The thing is, if you already heard “bad remarks” about me, you might as well save your time as well as mine and reject my application at the first place. It’s really despicable to put me up on a stage and stone me. Worse, she was not listening to both side stories and already found me guilty. Well, it’s karma really. I heard that, the department is forever changing staff. Who would want to work for people who never give anyone chances and one track minded. For the record, I didn’t do anything bad. I admit I am a rebellious person but I am not a rebel without a cause. I always uphold what is right, give you things to think about, ways to improve methods of working, and give 100% at work.

So, what horror stories you have for me, from your interviews?

8 thoughts on “Interviews on Elm Street

  1. I can imagine your shock when the interviewer asked you if you can forge a signature. After all it’s your 1st company secretarial job interview. Luckily didn’t give you a bad impression of this line.

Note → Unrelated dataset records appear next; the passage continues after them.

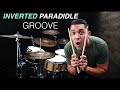 Crazy Inverted Paradiddle GROOVE - Applying Rudiments - Drum Lesson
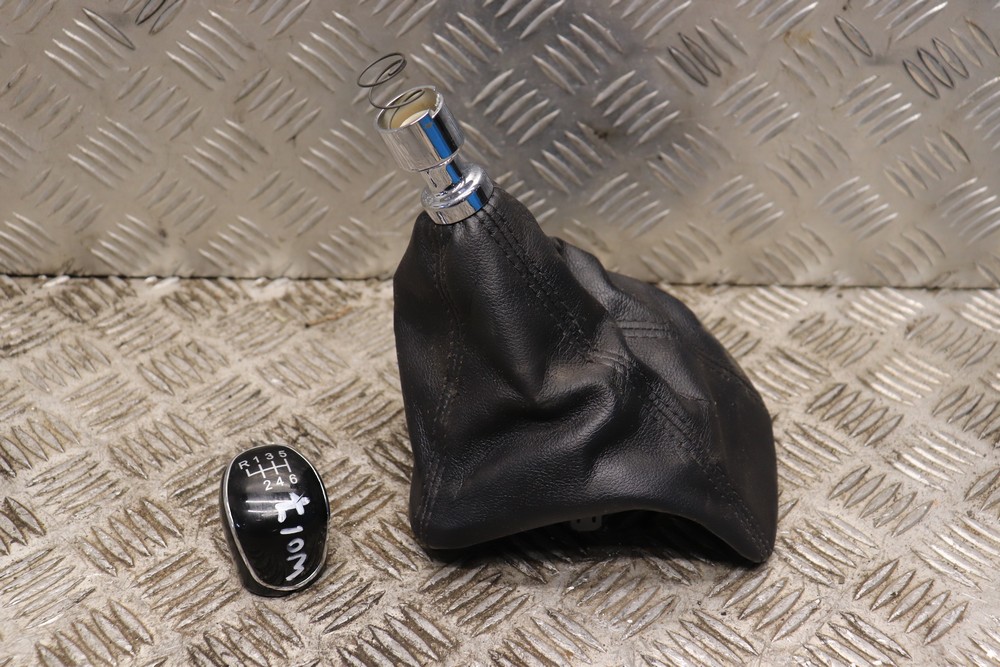 FORD TRANSIT CUSTOM MK8 GEAR KNOB & GAITOR 6 SPD 20172018 WO17 Gala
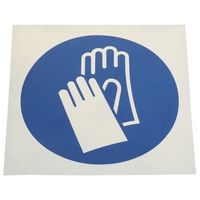 アールエスコンポーネンツ 必須標識 RS PRO なし なし語 ビニール 白 150 x 150mm 763-2014 1個（直送品）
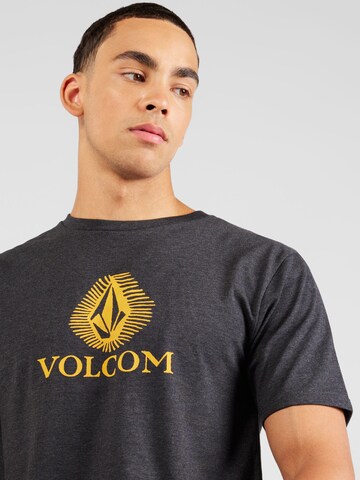 Volcom T-Shirt 'OFFSHORE STONE' in Schwarz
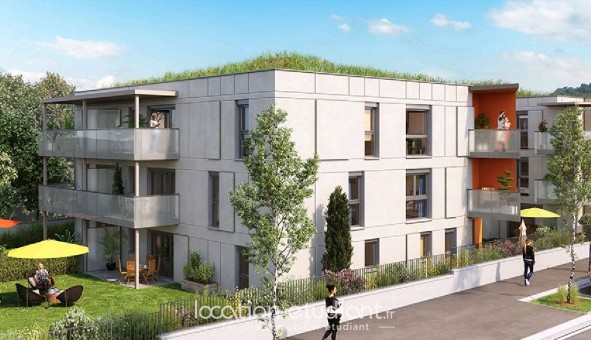 Logement tudiant Studio à Aix les Bains (73100)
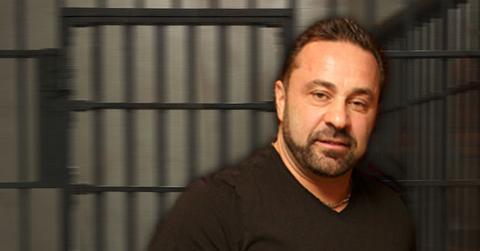Joe Giudice Fort Dix Prison Secret food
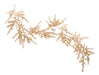 58"L Mini Berry Twig Garland Gold EC436408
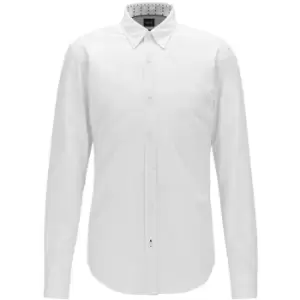 Boss Rod Formal Shirt - White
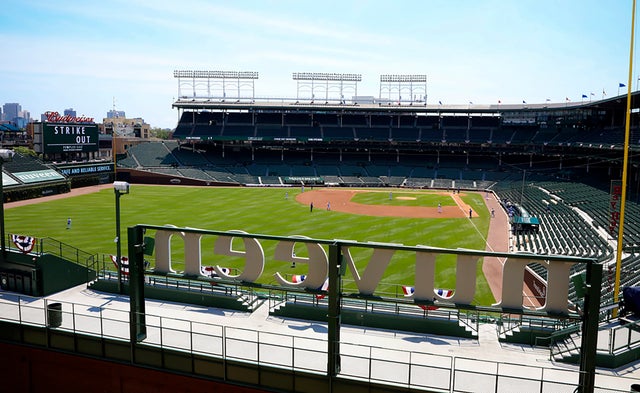 Wrigley Rooftops Baseball 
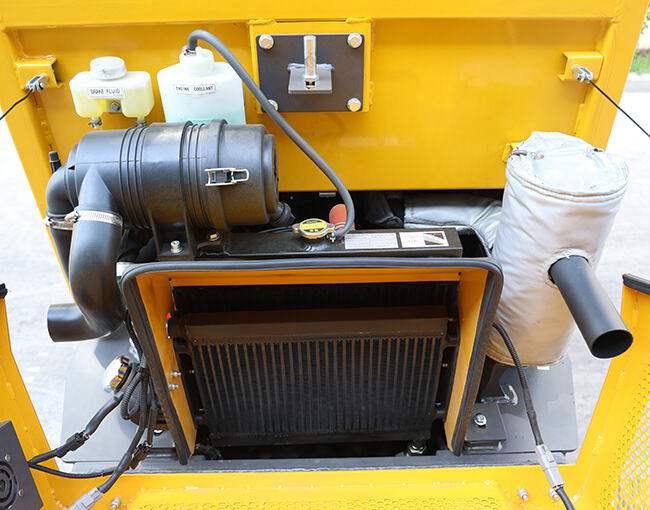 High performance, low fuel consumption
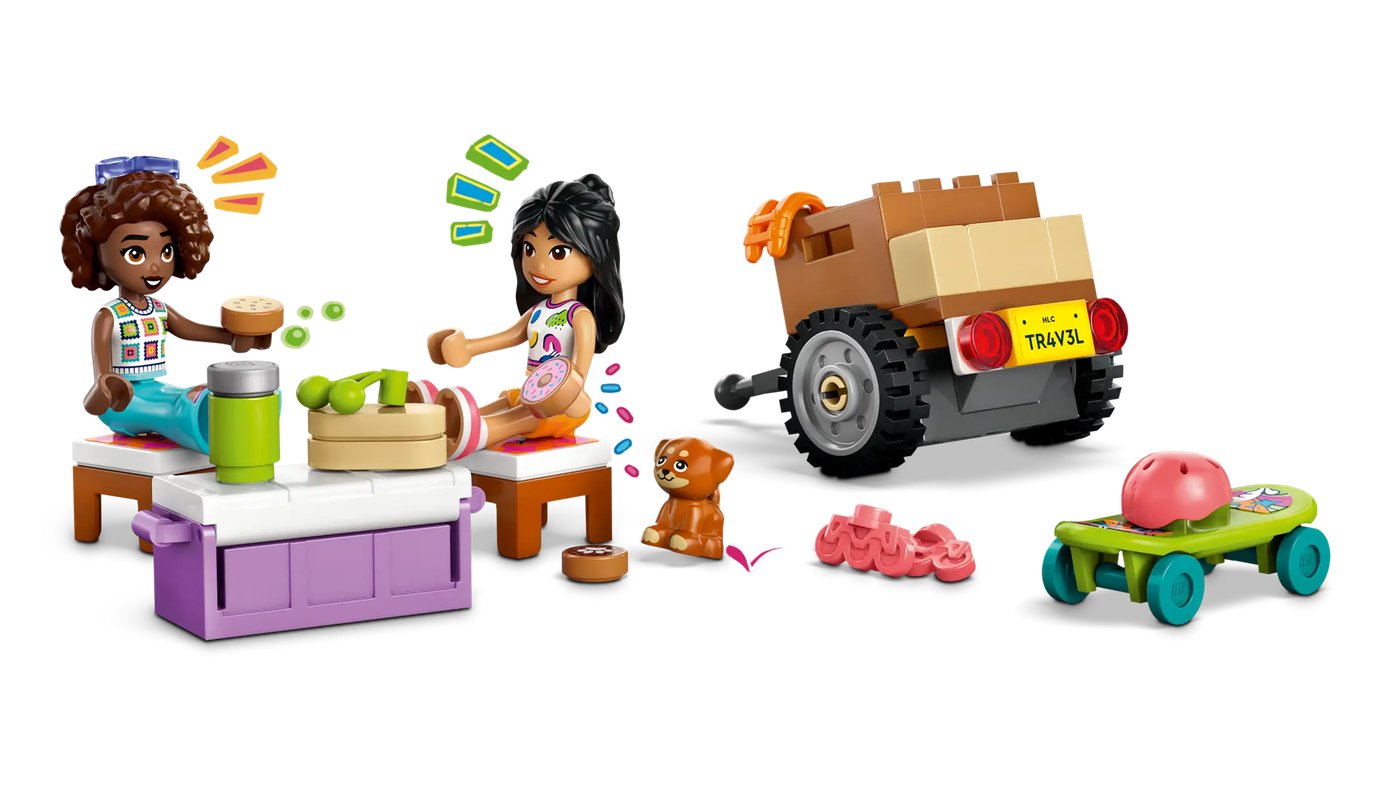 Конструктор LEGO Friends Автомобиль для путешествий с друзьями 42659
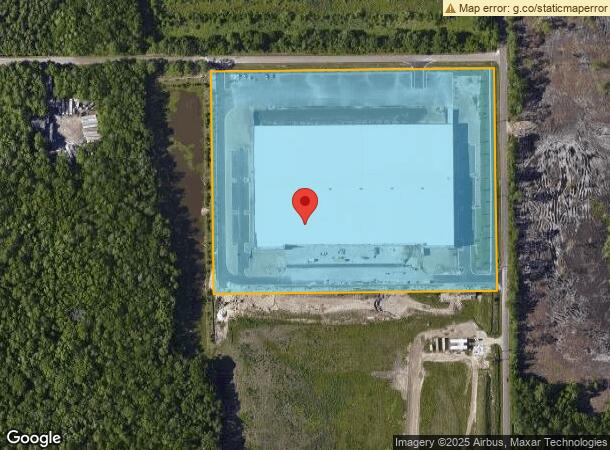  6282 Imeson Rd, Jacksonville, FL Parcel Map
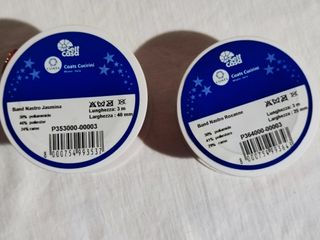 Nastri Natalizi tessuto vari colori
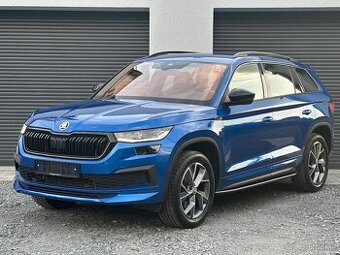 ŠKODA KODIAQ SPORTLINE 4x4 2.0 TDI 147 KW TAŽNÉ m2023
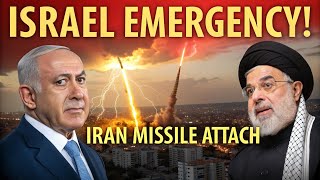 World on Edge: Iran’s Biggest Missile Attack Shocks Tel Aviv and Haifa
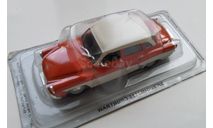 Wartburg 312 Limousine 1964 DeAgostini, журнальная серия Kultowe Auta PRL-u (Польша), DeAgostini-Польша (Kultowe Auta), scale43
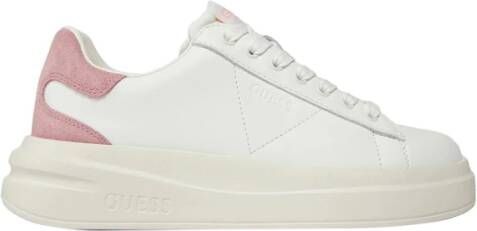 Guess Witte Casual Sneakers voor Vrouwen White Dames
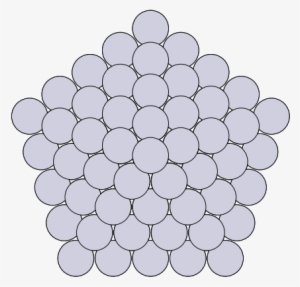 You Can See The 5-fold Symmetry Here - Circle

  2. Gee, it’s not a good thing when someone asks you if you forge signatures man…… when it comes down to the crunch.. YOU’re the one who’s gonna be put up for blame ….. tsk tsk tsk … so unprofessional!

    … hmmm… you’re on the prowl for a new job?

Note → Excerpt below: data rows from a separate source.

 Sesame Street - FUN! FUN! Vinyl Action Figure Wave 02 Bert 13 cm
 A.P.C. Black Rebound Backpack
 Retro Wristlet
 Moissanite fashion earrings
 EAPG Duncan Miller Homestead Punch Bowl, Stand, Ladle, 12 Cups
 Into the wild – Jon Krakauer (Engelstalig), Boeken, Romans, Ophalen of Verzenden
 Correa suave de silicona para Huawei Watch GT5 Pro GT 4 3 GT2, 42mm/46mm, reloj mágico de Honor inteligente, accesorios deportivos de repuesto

  3. Ann: I think right there and then, I was brought to the “real world” when the interviewer asked me that question. I saw a lot of bad practice while I was there for only 1.5 months. The bitchy boss doesn’t even know the difference between having an AGM and adjourned AGM. Forging signature is not the worst… you reminded me that, they had one case that the person signing the Statutory Declaration “in front of the Commissioner of Oath”… is dead. LOL!

    shorthorse: Well, for the record, I never forge signatures. The boss did it all by herself. Ah? Do you have any recommendations? Hehe.

  4. I’ve been asked the 2nd & 3rd questions. Not the rest. The rest sounds so weird though.

    I hate the “where do you see yourself in 5 years’ time” question as well. It’s like you’re giving the type of answers they like to hear.

    I normally rehearse for most questions ie. give them what they want to hear. I’ve changed job every 2 years, so have encountered many repeated questions.

  5. There was a point in time in my career when I was attending interviews almost every other week, so much so my answers became like a record. Just press play!

    The difficult part is trying to sound enthusiastic after being asked the 5 year question the umpteenth time! Hahahah.

    Interviews and interviewing. It’s an art form ;)

  6. ai shiang: I think the interviewers/HR should go for creative class to learn more creative questions. Haha!! Those “other” questions are not weird.. they just reflect how “professional” some firms are in Malaysia.

    unkaleong: Wah.. can gimme “sample” answers or not? So I can “record” and “play” when I go for future interviews. Hahaha! Yes.. I agree with you.. it’s an art form. :D And brother, you always leave your website address wrong one whenever you comment here. You do it on purpose is it? Haha! Anyway, I sudah corrected the web address.

  7. zing: That questions normally asked for high powered positions lah.. me clerk only. That is why I am pissed when they asked me the 5 – 10 years question. Haha!